- Exercise objective: In the data below, set down exactly the lines from the one containing "HAT GRAY YELLOW ROUND PATCH" up to and including the one containing "Starmada-redskap Ovalt Klistermärke". Leave the pictures out.

- Dataset extract:
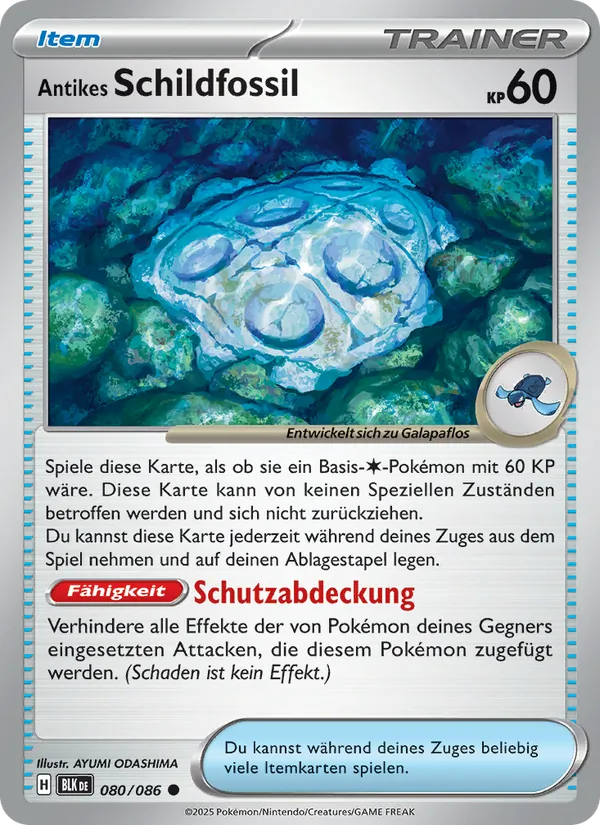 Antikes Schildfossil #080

--

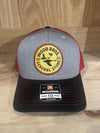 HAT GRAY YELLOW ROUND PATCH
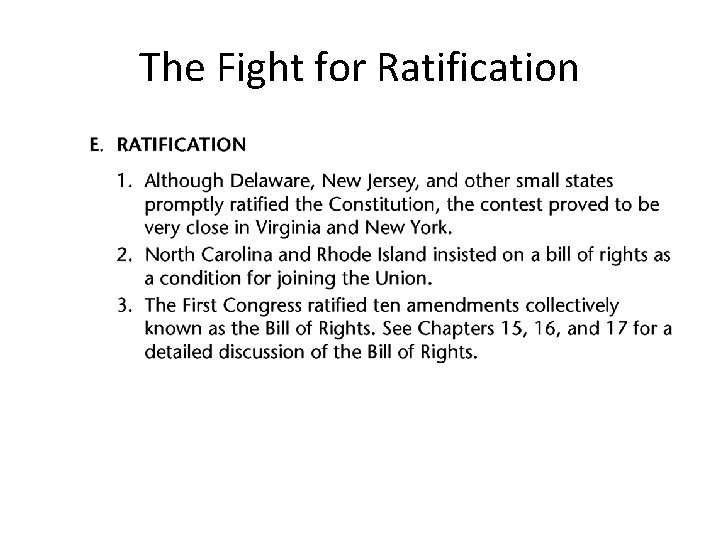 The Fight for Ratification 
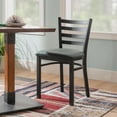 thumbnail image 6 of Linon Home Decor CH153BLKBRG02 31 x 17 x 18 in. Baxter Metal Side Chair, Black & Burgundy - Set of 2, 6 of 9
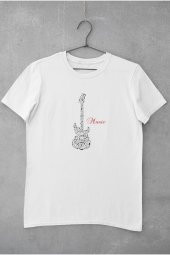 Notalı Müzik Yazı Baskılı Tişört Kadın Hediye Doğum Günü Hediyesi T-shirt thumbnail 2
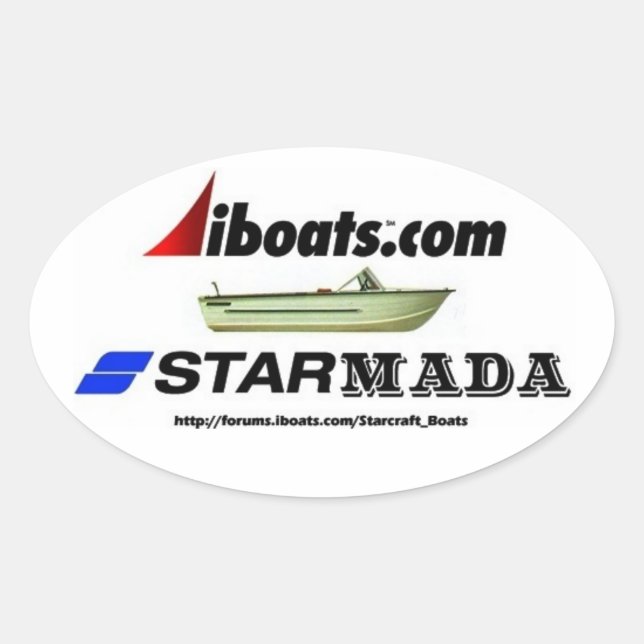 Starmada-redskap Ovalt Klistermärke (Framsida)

---

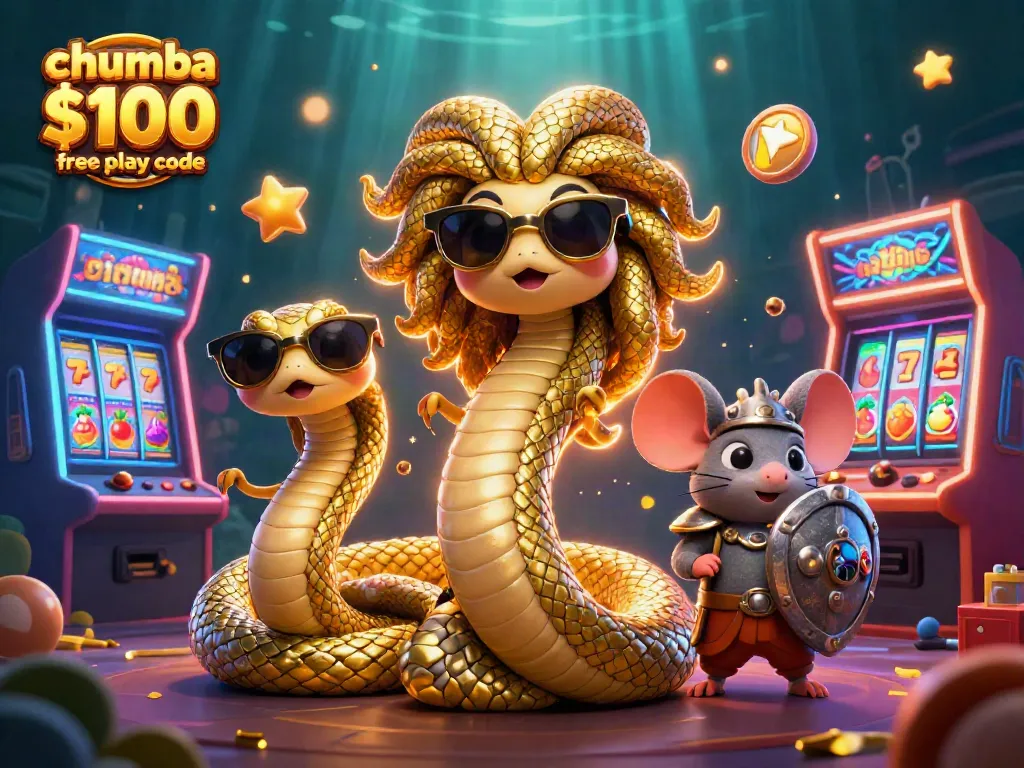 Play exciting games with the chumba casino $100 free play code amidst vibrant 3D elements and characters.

- Reply to the exercise:
 HAT GRAY YELLOW ROUND PATCH
 The Fight for Ratification 
 thumbnail image 6 of Linon Home Decor CH153BLKBRG02 31 x 17 x 18 in. Baxter Metal Side Chair, Black & Burgundy - Set of 2, 6 of 9
 Notalı Müzik Yazı Baskılı Tişört Kadın Hediye Doğum Günü Hediyesi T-shirt thumbnail 2
 Starmada-redskap Ovalt Klistermärke (Framsida)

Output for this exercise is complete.